# Exercise
Lines from the one containing "3 Series 2023 325Li M M Sport Night Package" through the final line of the records are the only ones to copy, and each must match exactly.

(Records from a data collection)

=== Begin Enclosure ===

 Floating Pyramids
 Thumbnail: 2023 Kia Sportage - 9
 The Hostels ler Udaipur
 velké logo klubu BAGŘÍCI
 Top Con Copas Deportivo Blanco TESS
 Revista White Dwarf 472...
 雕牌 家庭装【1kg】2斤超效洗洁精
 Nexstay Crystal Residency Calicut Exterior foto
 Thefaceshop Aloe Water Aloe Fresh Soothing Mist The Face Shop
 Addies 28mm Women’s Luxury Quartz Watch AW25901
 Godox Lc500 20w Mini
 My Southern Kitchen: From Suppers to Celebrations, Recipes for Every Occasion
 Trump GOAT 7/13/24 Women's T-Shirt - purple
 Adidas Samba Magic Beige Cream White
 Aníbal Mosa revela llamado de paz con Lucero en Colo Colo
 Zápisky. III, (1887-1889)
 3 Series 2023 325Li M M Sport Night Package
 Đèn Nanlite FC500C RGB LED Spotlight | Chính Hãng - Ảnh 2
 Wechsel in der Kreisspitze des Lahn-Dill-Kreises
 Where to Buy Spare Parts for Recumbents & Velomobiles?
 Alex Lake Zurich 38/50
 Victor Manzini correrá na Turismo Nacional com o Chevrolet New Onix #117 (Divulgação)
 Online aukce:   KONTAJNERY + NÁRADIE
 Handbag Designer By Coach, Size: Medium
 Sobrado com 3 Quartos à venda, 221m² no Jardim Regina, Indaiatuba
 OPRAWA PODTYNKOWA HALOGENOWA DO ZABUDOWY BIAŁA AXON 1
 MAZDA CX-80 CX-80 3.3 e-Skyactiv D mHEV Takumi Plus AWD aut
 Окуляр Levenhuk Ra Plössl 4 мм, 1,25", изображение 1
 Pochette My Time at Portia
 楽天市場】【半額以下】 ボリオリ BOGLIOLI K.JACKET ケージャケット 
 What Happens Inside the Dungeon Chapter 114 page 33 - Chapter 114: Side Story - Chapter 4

=== End Enclosure ===

# Solution to the exercise
 3 Series 2023 325Li M M Sport Night Package
 Đèn Nanlite FC500C RGB LED Spotlight | Chính Hãng - Ảnh 2
 Wechsel in der Kreisspitze des Lahn-Dill-Kreises
 Where to Buy Spare Parts for Recumbents & Velomobiles?
 Alex Lake Zurich 38/50
 Victor Manzini correrá na Turismo Nacional com o Chevrolet New Onix #117 (Divulgação)
 Online aukce:   KONTAJNERY + NÁRADIE
 Handbag Designer By Coach, Size: Medium
 Sobrado com 3 Quartos à venda, 221m² no Jardim Regina, Indaiatuba
 OPRAWA PODTYNKOWA HALOGENOWA DO ZABUDOWY BIAŁA AXON 1
 MAZDA CX-80 CX-80 3.3 e-Skyactiv D mHEV Takumi Plus AWD aut
 Окуляр Levenhuk Ra Plössl 4 мм, 1,25", изображение 1
 Pochette My Time at Portia
 楽天市場】【半額以下】 ボリオリ BOGLIOLI K.JACKET ケージャケット 
 What Happens Inside the Dungeon Chapter 114 page 33 - Chapter 114: Side Story - Chapter 4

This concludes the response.